Step 3: The Inevitable Bugfix Iteration
Of course it's never that easy. Turns out these links are generated by hand, and across hundreds of blog posts of course there will be some inconsistencies. At some point the author stopped using the title attribute. Instead of using the super clever CSS selector a[title="Next Chapter"]
I had to switch to grabbing all of the anchor tags and selecting based on the text:
content.search('a').each do |node|
if node.text == "Next Chapter"
next_url = node['href']
end
node.parent.remove
end
This works great, except that in a few cases there's some whitespace in the text of the anchor node, so I had to switch to a regex:
content.search('a').each do |node|
if node.text =~ /\s*Next Chapter\s*/
next_url = node['href']
end
node.parent.remove
end
Another sticking point was that sometimes (but not always) the author used non-ASCII in their URLs. The trick for dealing with possibly-escaped URLs is to check to see if decoding does anything. If it does, it's already escaped and shouldn't be messed with:
def escape_if_needed(url)
if URI.unescape(url) == url
return URI.escape(url)
end
url
end
Step 4: Repeat As Necessary
Now that we can reliably scrape one URL, it's time to actually follow the links:
task :scrape do
next_url = 'http://example.com/the/first/chapter/'
sh "mkdir -p output"
counter = 0
while next_url && next_url =~ /example.com/
STDERR.puts(next_url)
res = scrape_page(next_url)
next_url = res[:next_url]
title = res[:title].text
File.open("output/#{sprintf('%04d', counter)}.html", "w+") do |f|
f.puts res[:title]
f.puts res[:content]
end
counter += 1
sleep 1
end
end
This is pretty simple. Set some initial state, make a directory to put the scraped pages, then follow each link in turn and write out the interesting content to sequential files. Note that file names are all four digit numbers so that the sequence is preserved even with lexicographical sorting.
Step 5: Actually Build The Book
At first I wanted to use Docverter, my project that mashes up pandoc and calibre for building rich documents (including ebooks) out of plain text files. I tried the demo installation first, but that runs on Heroku and repeatedly ran out of memory so I tried a local installation. That timed out (did I mention that this web serial is also very long?) so instead I just ran pandoc
and ebook-convert
directly:
task :build do
File.open("input.html", "w+") do |f|
Dir.glob('output/*.html').sort.each do |filename|
f.write File.read(filename)
end
end
STDERR.puts "Running conversion..."
sh("pandoc --standalone --output=output.epub --from=html --to=epub --epub-metadata=metadata.xml --epub-stylesheet=epub_stylesheet.css input.html")
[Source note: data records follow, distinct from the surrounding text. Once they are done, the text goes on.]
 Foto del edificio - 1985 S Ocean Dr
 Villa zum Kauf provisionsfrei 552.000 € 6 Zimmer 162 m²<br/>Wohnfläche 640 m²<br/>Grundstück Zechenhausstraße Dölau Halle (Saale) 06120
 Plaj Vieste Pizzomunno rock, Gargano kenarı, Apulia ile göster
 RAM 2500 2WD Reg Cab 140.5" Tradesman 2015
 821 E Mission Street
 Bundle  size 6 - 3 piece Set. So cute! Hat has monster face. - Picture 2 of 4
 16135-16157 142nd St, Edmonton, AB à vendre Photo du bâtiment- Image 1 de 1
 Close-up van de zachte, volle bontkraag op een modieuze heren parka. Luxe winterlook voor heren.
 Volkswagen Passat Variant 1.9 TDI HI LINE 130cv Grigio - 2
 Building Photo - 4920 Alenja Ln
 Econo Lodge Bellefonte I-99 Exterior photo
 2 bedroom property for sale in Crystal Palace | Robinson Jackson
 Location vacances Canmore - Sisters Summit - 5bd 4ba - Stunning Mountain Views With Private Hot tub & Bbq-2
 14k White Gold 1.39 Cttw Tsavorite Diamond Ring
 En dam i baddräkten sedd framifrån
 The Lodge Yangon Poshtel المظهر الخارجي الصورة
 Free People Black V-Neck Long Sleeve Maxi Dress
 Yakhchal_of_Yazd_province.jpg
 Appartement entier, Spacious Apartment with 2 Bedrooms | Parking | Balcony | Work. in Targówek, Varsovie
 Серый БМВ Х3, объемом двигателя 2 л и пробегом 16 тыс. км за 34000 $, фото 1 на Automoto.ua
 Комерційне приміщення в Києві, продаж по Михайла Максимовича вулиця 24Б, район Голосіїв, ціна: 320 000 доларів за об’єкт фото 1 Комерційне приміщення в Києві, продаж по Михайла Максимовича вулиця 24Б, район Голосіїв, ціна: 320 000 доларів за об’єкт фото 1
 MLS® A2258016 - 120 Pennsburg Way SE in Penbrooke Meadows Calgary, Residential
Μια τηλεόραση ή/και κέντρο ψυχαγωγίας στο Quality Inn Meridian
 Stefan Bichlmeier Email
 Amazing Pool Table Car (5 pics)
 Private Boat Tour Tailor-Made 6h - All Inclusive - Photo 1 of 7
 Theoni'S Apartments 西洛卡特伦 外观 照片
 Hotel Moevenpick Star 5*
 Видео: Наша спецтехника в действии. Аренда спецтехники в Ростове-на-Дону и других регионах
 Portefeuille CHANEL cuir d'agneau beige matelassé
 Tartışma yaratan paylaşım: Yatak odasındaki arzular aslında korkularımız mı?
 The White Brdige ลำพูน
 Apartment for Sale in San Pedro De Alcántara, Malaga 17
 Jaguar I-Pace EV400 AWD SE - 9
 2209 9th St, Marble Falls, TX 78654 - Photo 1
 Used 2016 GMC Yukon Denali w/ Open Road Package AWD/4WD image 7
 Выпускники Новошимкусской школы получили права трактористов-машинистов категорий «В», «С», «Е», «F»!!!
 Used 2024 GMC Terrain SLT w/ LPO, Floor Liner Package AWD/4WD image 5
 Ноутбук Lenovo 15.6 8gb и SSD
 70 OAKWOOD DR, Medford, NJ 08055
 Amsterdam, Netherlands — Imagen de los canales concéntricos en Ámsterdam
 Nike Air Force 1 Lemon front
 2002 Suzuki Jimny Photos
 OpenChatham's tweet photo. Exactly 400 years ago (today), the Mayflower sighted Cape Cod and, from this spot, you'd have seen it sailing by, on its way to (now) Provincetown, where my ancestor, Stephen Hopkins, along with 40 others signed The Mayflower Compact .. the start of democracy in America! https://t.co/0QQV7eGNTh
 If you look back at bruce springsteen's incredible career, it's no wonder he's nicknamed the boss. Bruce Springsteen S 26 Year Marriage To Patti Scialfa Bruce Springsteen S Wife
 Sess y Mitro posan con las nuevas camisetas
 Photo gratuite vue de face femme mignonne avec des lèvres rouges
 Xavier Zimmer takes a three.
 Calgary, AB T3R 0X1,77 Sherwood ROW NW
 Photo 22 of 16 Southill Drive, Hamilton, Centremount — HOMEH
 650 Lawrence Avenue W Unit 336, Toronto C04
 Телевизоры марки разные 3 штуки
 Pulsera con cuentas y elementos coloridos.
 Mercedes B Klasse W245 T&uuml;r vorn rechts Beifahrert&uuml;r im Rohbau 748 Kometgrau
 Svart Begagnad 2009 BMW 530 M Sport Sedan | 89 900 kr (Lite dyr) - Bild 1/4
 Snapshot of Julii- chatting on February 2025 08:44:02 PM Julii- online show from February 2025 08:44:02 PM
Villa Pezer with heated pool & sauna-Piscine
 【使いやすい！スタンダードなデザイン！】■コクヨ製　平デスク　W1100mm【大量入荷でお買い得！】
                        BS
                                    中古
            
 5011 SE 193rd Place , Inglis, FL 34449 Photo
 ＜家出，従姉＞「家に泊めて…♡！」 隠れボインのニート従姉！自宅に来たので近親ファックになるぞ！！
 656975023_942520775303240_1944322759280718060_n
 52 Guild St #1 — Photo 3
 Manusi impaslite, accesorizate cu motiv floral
sh("ebook-convert output.epub output.mobi")
end
Pandoc can take multiple input files but it was easier to manage one input file on the command line. The stylesheet and metadata xml files are lifted directly from the mmp-builder
project that I use to build Mastering Modern Payments, with appropriate authorship information changes.
In Conclusion, Please Don't Violate Copyright
Making your own ebooks is not hard with the tools that are out there. It's really just a matter of gluing them together with an appropriate amount of duct tape and bailing twine.
That said, distributing content that isn't yours without permission directly affects authors and platform shifting like this is sort of a gray area. The author of this web serial seems to be fine with fan-made ebooks editions as long as they don't get distributed, so that's why I anonymized this post.